WHAT IS BEING ASKED: Look below for the line containing "Monnalisa брюки с" and the line containing "Jasnobeżowa Koszulowa Sukienka"; repeat exactly those two lines and all lines between them, and nothing else.

MATERIAL SUPPLIED:
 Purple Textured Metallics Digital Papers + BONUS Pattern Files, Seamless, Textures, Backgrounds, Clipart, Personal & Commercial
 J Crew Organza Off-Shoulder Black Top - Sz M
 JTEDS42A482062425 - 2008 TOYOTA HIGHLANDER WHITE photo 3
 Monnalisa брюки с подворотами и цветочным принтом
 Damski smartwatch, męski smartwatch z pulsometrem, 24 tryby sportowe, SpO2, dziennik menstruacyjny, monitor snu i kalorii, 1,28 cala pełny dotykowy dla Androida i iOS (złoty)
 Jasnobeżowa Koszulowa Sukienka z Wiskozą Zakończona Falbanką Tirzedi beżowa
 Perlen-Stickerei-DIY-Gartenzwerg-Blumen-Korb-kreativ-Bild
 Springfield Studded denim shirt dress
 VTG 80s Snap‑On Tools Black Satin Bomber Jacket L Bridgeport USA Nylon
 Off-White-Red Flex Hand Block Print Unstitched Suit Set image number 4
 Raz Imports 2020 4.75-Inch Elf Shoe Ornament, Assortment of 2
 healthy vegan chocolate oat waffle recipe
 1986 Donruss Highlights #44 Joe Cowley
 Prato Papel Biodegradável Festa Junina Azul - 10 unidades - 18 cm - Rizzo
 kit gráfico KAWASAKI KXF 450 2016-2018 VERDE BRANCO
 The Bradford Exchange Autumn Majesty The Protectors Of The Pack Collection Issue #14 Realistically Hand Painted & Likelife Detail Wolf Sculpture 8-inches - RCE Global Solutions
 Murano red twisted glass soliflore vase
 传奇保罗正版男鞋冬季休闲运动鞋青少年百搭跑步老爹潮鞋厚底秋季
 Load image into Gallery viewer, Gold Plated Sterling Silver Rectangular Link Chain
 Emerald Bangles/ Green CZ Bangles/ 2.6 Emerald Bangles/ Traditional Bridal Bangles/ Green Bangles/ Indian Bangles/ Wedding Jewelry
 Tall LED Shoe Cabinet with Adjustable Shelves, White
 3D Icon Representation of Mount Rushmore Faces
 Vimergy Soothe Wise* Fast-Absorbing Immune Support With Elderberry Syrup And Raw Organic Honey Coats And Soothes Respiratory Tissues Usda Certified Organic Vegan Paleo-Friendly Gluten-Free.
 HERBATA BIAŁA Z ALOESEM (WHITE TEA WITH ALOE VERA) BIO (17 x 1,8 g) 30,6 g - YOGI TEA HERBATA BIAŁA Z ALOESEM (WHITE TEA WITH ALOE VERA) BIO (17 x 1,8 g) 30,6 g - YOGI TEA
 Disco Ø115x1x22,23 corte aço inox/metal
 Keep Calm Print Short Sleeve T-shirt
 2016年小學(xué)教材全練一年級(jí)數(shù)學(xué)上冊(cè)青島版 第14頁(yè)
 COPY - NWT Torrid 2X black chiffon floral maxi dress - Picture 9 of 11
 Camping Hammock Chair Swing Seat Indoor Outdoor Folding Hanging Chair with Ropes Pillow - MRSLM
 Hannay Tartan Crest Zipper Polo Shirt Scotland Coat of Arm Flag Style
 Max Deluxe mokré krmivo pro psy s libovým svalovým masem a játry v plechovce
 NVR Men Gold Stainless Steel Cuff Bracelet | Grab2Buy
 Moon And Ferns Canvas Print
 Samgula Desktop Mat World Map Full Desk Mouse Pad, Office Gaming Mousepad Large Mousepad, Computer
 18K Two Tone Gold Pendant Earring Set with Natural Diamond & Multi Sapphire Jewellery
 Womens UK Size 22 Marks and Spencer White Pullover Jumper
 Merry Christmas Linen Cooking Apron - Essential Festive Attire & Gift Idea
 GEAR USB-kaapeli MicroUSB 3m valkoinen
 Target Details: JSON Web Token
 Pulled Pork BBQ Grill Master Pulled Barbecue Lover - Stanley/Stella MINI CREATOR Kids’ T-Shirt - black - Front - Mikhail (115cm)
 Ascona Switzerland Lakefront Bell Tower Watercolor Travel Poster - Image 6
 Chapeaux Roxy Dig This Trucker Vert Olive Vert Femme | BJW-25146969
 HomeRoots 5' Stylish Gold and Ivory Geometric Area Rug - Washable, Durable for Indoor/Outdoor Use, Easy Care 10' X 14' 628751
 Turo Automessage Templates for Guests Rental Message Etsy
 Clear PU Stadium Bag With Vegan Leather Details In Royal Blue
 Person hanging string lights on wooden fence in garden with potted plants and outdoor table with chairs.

WRITTEN ANSWER:
 Monnalisa брюки с подворотами и цветочным принтом
 Damski smartwatch, męski smartwatch z pulsometrem, 24 tryby sportowe, SpO2, dziennik menstruacyjny, monitor snu i kalorii, 1,28 cala pełny dotykowy dla Androida i iOS (złoty)
 Jasnobeżowa Koszulowa Sukienka z Wiskozą Zakończona Falbanką Tirzedi beżowa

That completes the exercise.